ALBANY — New York Democrats can thank a Texan for injecting a nettlesome topic into the simmering debate over gun control.

This would be one of the Democrats running for his party’s presidential nomination — former Congressman Beto O’Rourke.

“Hell, yes, we’re going to take your AR-15, your AK-47,” O’Rourke said in a Democratic candidate debate aired Sept. 12.

In proposing the government-directed confiscation of military-style, semi-automatic rifles, O’Rourke swerved down a path not even Gov. Andrew Cuomo — the author of one of the most restrictive gun control measures in the nation — has taken.

Cuomo’s legislation, the highly controversial New York SAFE Act, has divided the state, with polls showing most upstate residents outside the region’s largest cities oppose the law, while folks in the New York City region, a bastion of anti-gun sentiment, favor it.

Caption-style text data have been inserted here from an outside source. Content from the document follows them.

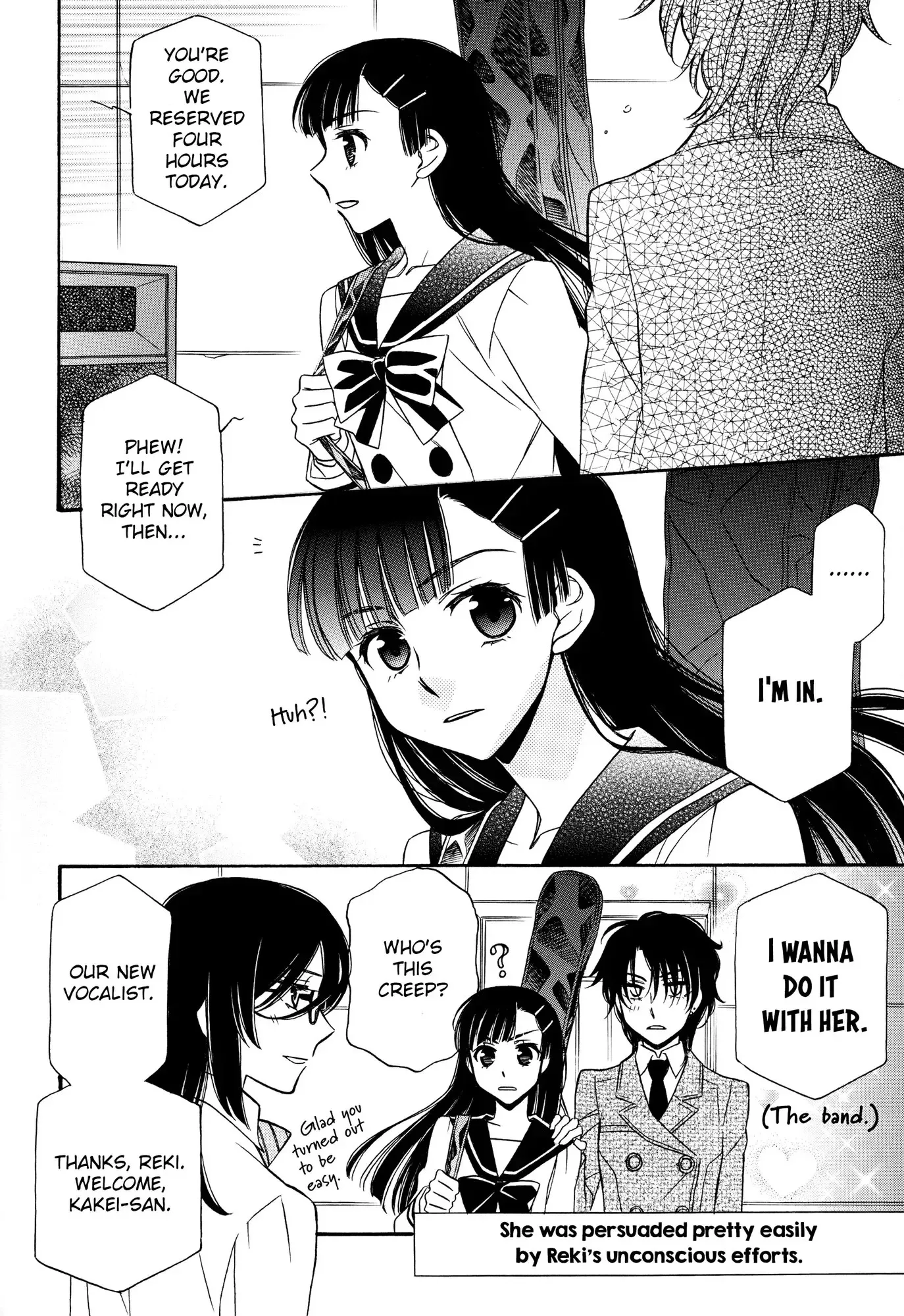 Read Berry Strawberry Shake chapter 3 image 19 on Lezhin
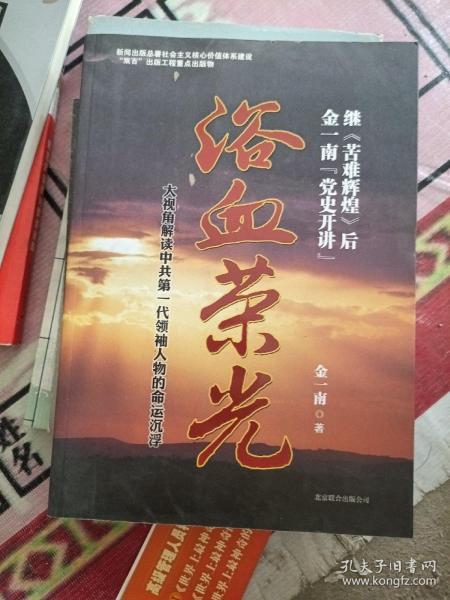 浴血荣光:金一南党史开讲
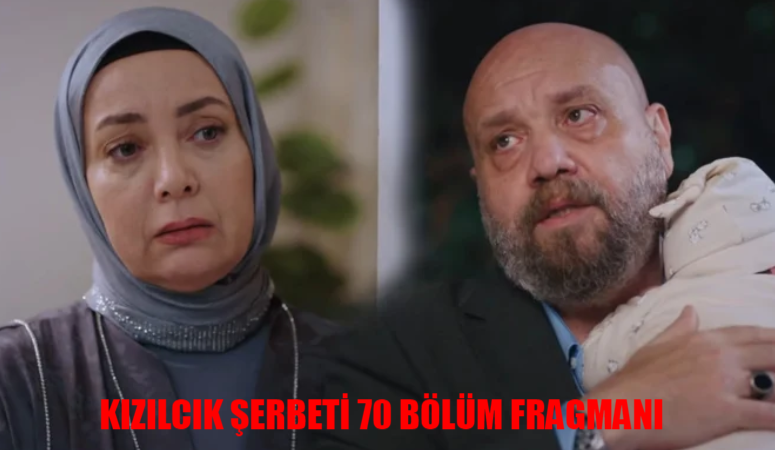 Kızılcık Şerbeti 70 Bölüm Fragmanı Pembe Üvey Anneliğe Başladı! Kızılcık Şerbeti Yeni Bölüm Neler Olacak?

Many upstate county sheriffs are on record in opposition to the SAFE Act. And some Democrats who get elected in rural regions, such as Assemblyman Billy Jones of Chateaugay, a former corrections officer, have come out against it as well.

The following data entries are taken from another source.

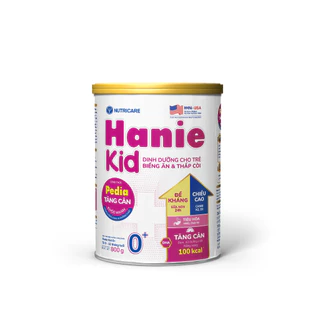 Sữa bột Nutricare Hanie Kid 0+ 800g [HSD T12-2025]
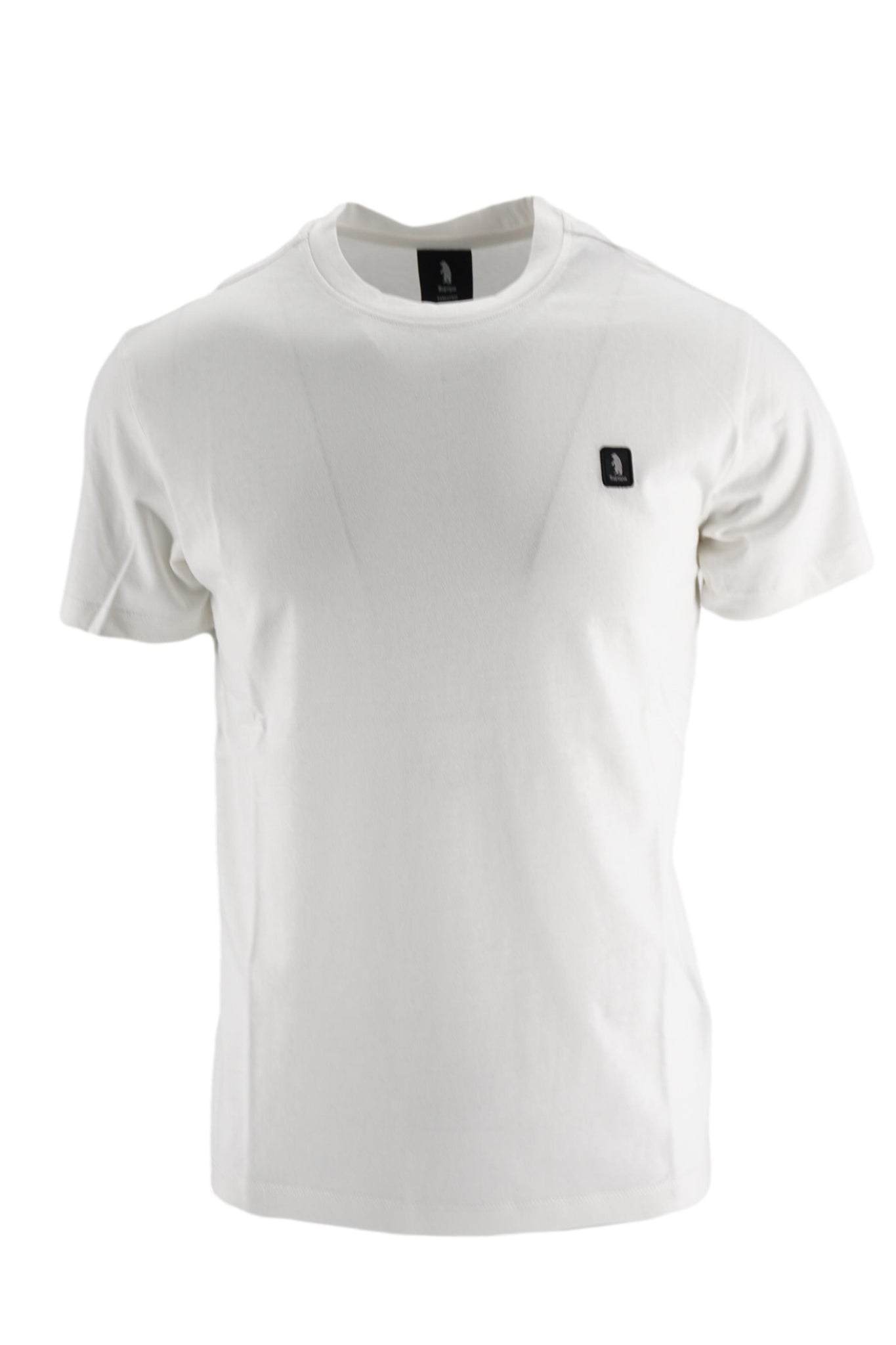 T-Shirt con Logo Frontale Refrigue / Bianco - Ideal Moda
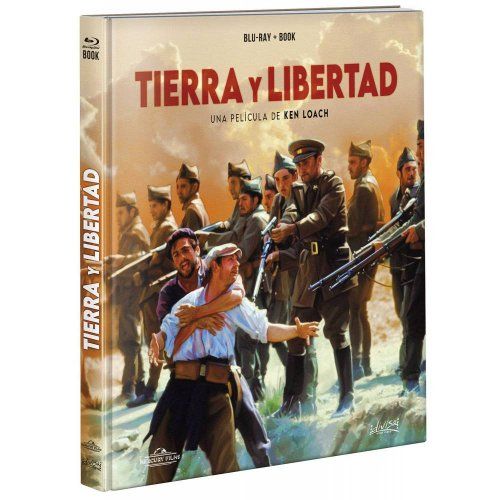 Tierra y Libertad (E.Esp Libro)   BD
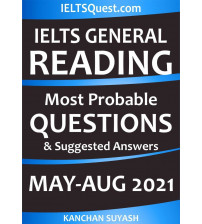 IELTS general reading most probable questions and suggested answers 2021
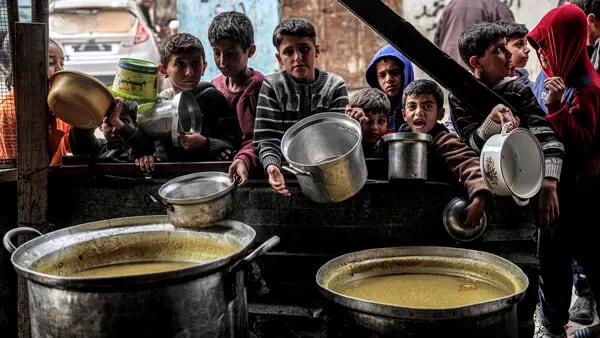 La hambruna es inminente en el norte de Gaza, según informe de la ONU dfd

Talk of gun confiscation, thanks to O’Rourke’s debate comment, will now complicate the discussion over firearms, opening a new Pandora’s Box.

This is ironic because just one month ago Cuomo faulted the Democrats running for the White House for failing to stake out a clear position on gun control.

“I can’t even tell you what the position of the Democratic presidential candidates are and I follow this stuff every day,” the Democratic governor said.

Well, as the expression goes, be careful what you wish for -- because the lanky guy from the Lone Star State just put confiscation on the table.

Cuomo has made it clear he is no fan of military-style rifles, arguing hunters don’t need them to shoot game, though many hunters dispute his assertions. Cuomo recently said such weapons were designed to “kill the largest number of people in the shortest period of time.”

He wants them banned nationally. But he has stopped short of calling for outright confiscation, just as his party’s 2016 presidential nominee, Hillary Clinton, did in 2016.

Explaining in a recent radio interview that confiscation is not on his agenda, Cuomo said: “What is the need to do it if they were already banned six years ago?”

Some suggest that many Democratic politicians will be carefully assessing the pubic reaction to O’Rourke’s plug for confiscation as they fine-tune their positions on gun control.

Larry Levy, director of the National Center for Suburban Studies at Hofstra University and veteran observer of New York politics, said polling shows aggressive gun control is popular with many voters in suburban swing districts, particularly women. For those voters who find such weapons “odious and dangerous to children,” there may be little distinction between buyback programs and confiscation, he said. “They just want to see those guns that can shred a classroom in seconds gone,” Levy said.

The thought here is that while Cuomo accuses the candidates of being vague on gun control, perhaps he could reveal what he thinks of O’Rourke’s suggestion, since the governor has contended “weapons of war have no place on our streets.”

As it is, the Texan’s advocacy for confiscation, as Tom King, the director of the New York State Rifle and Pistol Association, sees it, mirrors Cuomo’s own thinking on guns.

“I think they are absolutely on the same track,” King said when asked if he discerns differences or similarities in the respective views of Cuomo and O’Rourke.

A board member of the National Rifle Association, King said the confiscation call will likely send gun sales shooting higher. He noted that a resolution recently passed by the San Francisco city council, condemning the NRA as a ‘terrorist” organization, has backfired on that city’s progressive politicians, with the NRA now enjoying a spike in memberships.

When it comes to firearms, the upstate region is a virtual alternative universe to the downstate region, said Doug Muzzio, a veteran political science professor at Baruch College in Manhattan.

As a part-time resident of upstate Delaware County, Muzzio said he thinks nothing of it when he hears the rat-tat-tat of gunfire near his home, concluding it’s simply neighbors enjoying target practice. The reaction to gunshots is decidedly different, he pointed out, when he is in New York City.

“It’s going to cause agita in the Democratic Party to have to confront the confiscation issue now because they’d rather talk about almost anything else -- foreign policy, health care -- than this,” Muzzio said.

Cuomo’s camp, incidentally, doesn’t appear to be particularly eager to talk about confiscation. My emailed query regarding O’Rourke’s provocative position, sent to a Cuomo aide, drew no response.

For his part, O’Rourke cites a recent wave of mass shootings in explaining how he evolved into a confiscation proponent. So far, though, O’Rourke has yet to insist his rival Democrats take a Cuomo-like pledge on gun control.

But when it comes to anti-firearms zealotry, the Texan just left even Cuomo in the dust, without having to explain precisely how he would accomplish the confiscation of AR-15 and AK-47 rifles from people who don’t want the government to take them away.

King suggested that any legislative gambit to confiscate the rifles would run into a brick wall in the courts. The most popular gun in this country, King noted, is the AR-15.